(PROVIDED DATA)

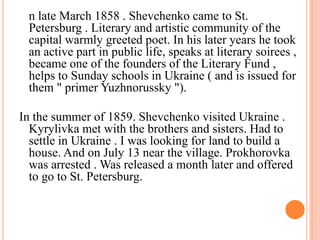n late March 1858 . Shevchenko came to St.
Petersburg . Literary and artistic community of the
capital warmly greeted poet. In his later years he took
an active part in public life, speaks at literary soirees ,
became one of the founders of the Literary Fund ,
helps to Sunday schools in Ukraine ( and is issued for
them " primer Yuzhnorussky ").
In the summer of 1859. Shevchenko visited Ukraine .
Kyrylivka met with the brothers and sisters. Had to
settle in Ukraine . I was looking for land to build a
house. And on July 13 near the village. Prokhorovka
was arrested . Was released a month later and offered
to go to St. Petersburg.

 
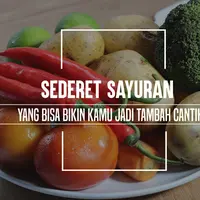 Berbagai macam sayuran. (Foto: Adrian Putra/Bintang.com, Digital Imaging: Nurman Abdul Hakim/Bintang.com).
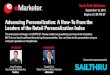 Advancing Personalization - eMarketer · PDF file Advancing Personalization: A How-To From the Leaders of the Retail Personalization Index. AGENDA The Retail Personalization Index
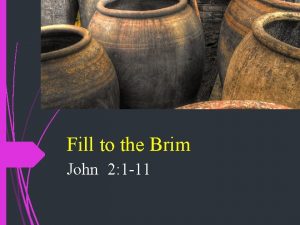 Fill to the Brim John 2 1 11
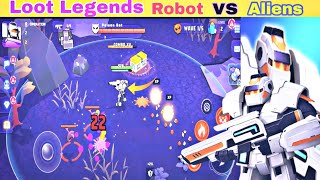 Loot Legends Robot vs Aliens 1.0.3 Apk + Mod (Unlimited Money) For Android screenshot 3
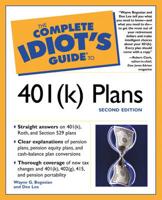 Complete Idiot's Guide to 401 (K) Plans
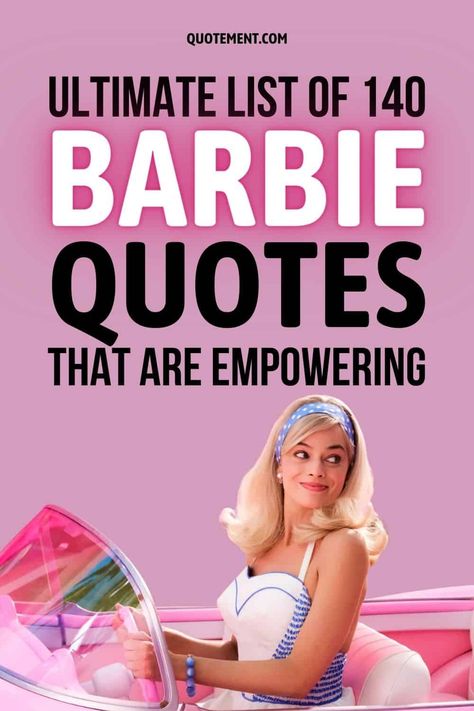 Ultimate List Of 140 Barbie Quotes That Are Empowering Barbie Can Be Anything, Ken Puns Barbie, Barbie Themed Christmas Party, Quotes From The Barbie Movie, Barbie Senior Quotes, Everything Barbie, Barbie 2023 Quotes, This Barbie Is Template 2023, Barbie Movie Quotes Inspirational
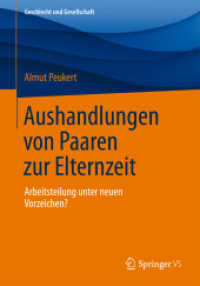 Aushandlungen von Paaren zur Elternzeit : Arbeitsteilung unter neuen Vorzeichen? (Geschlecht und Gesellschaft)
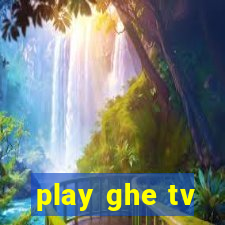 play ghe tv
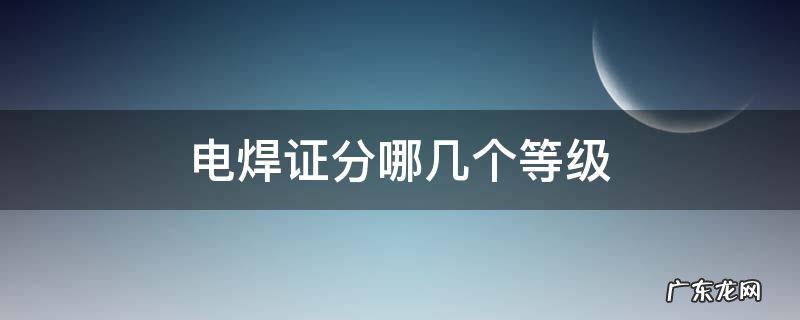 电焊工证分几个等级 电焊证分哪几个等级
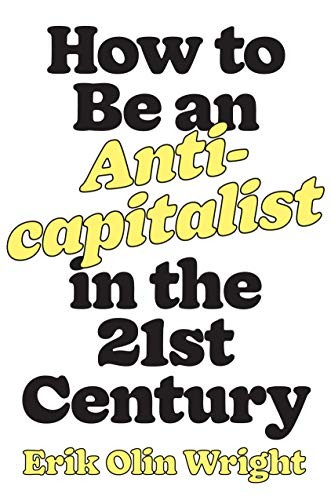 Erik Olin Wright, Michael Burawoy: How to Be an Anticapitalist in the Twenty-First Century (2019, Verso)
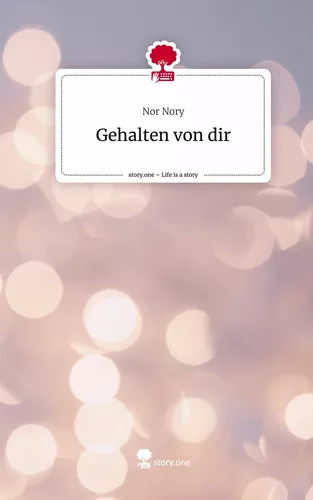 Gehalten von dir. Life is a Story - story.one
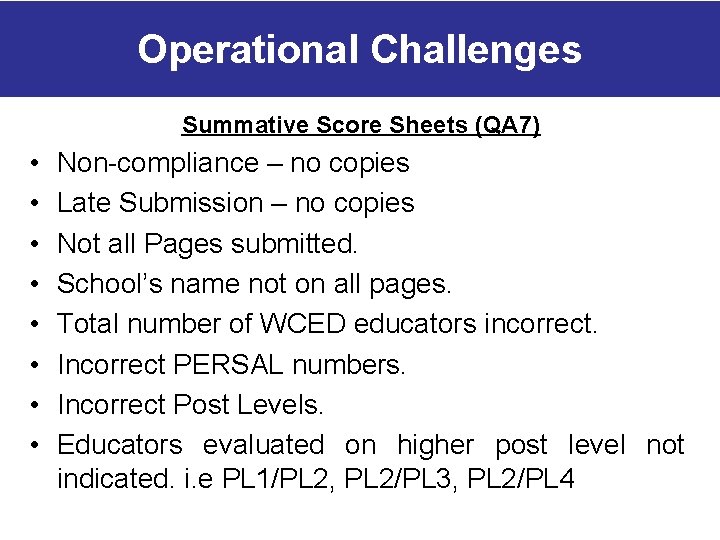 Operational Challenges Summative Score Sheets (QA 7) • • Non-compliance – no copies Late Operational Challenges Summative Score Sheets (QA 7) • • Non-compliance – no copies Late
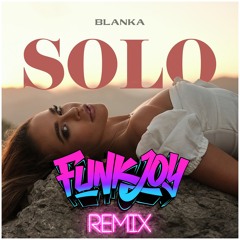 Blanka - Solo (funkjoy Remix)
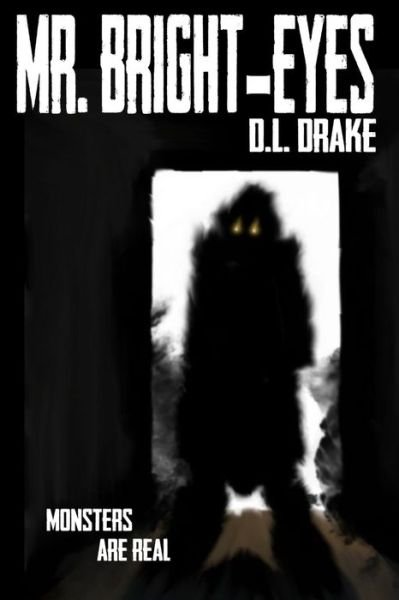 Cover for D L Drake · Mr. Bright-Eyes (Paperback Bog) (2020)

(End PROVIDED DATA)

» **WHAT YOU WILL DO**
Wherever the string "Ukraine" occurs in the records above, copy that line.

» **YOUR RESPONSE**
helps to Sunday schools in Ukraine ( and is issued for
In the summer of 1859. Shevchenko visited Ukraine .
settle in Ukraine . I was looking for land to build a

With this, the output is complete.